### About this exercise
Lines from the one containing "Wind turbine shown" through the last line of the data are to be returned exactly, both ends included, minus any pictures.
*** Raw data Section Begins ***
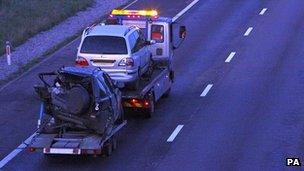 A car is removed from the crash scene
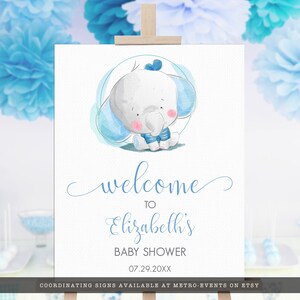 May include: A baby shower welcome sign featuring a watercolor illustration of a cute baby elephant in blue. The sign says "welcome to Elizabeth's BABY SHOWER 07.29.20XX". The sign is displayed on a wooden easel.
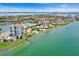 Aerial view of waterfront community with lush landscaping and water access at 6291 Bahia Del Mar Cir # 103, St Petersburg, FL 33715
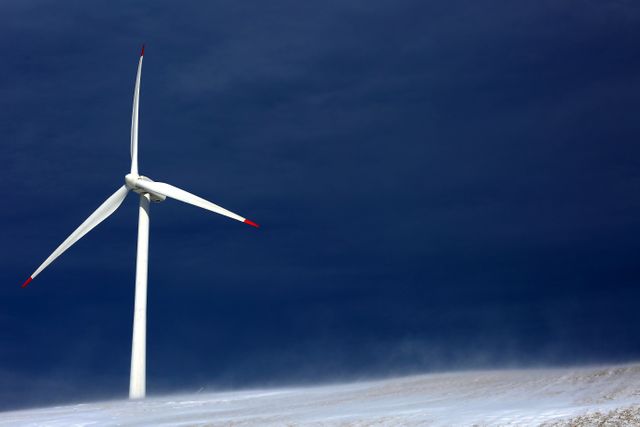Wind turbine shown standing in a snow-covered landscape with a dark clouded sky background. Ideal for visuals related to renewable energy, clean energy sources, environmental conservation, and winter scenes. Suitable for use in environmental campaigns, articles on green energy, climate change, and science publications.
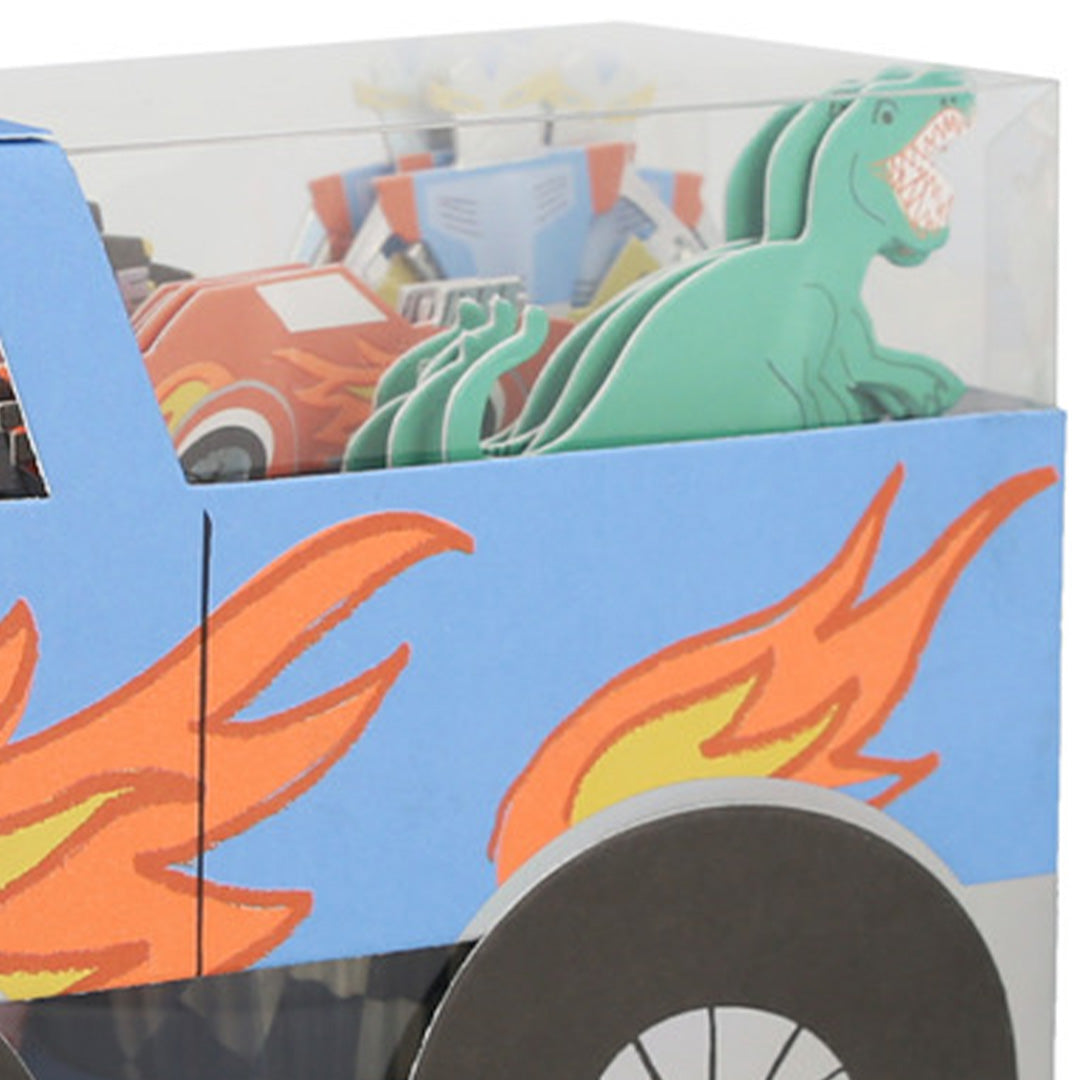 Detail van de meri meri monster truck cupcake set verpakking met een dinosaurus en robot topper.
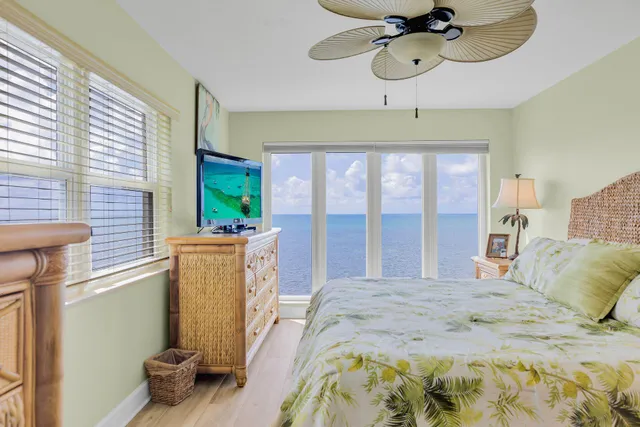 a bathroom with a tub shower sink and mirror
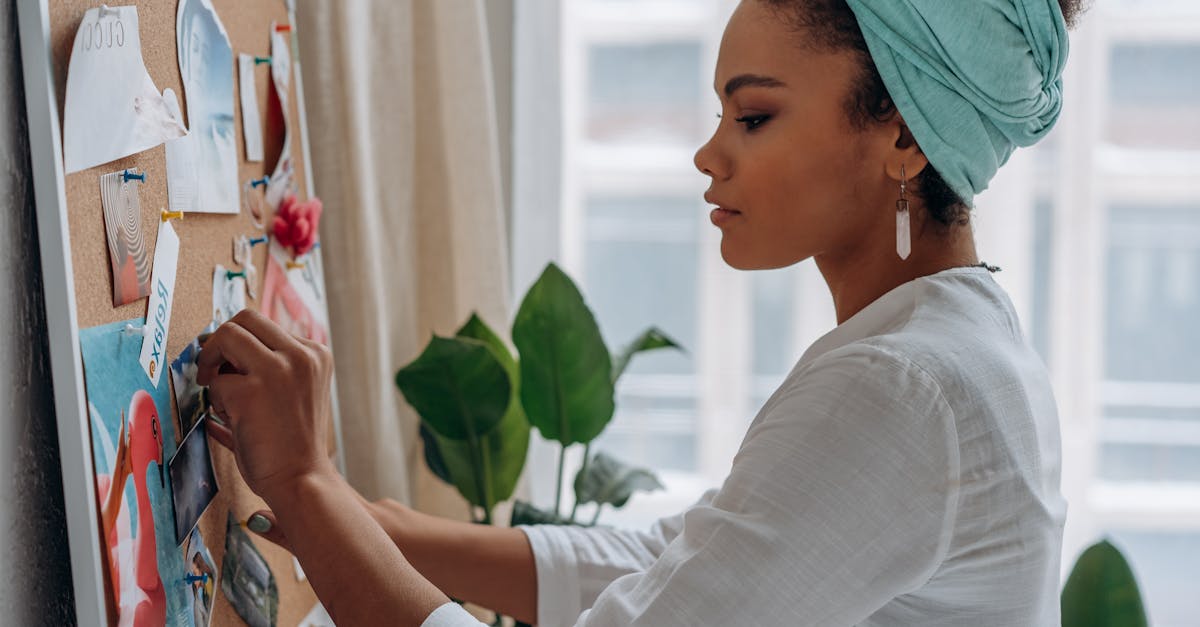 woman creating a vision board with images in a stylish home setting showcasing creativity and focus 2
*** Raw data Section Ends ***
### Answer section
Wind turbine shown standing in a snow-covered landscape with a dark clouded sky background. Ideal for visuals related to renewable energy, clean energy sources, environmental conservation, and winter scenes. Suitable for use in environmental campaigns, articles on green energy, climate change, and science publications.
 Detail van de meri meri monster truck cupcake set verpakking met een dinosaurus en robot topper.
 a bathroom with a tub shower sink and mirror
 woman creating a vision board with images in a stylish home setting showcasing creativity and focus 2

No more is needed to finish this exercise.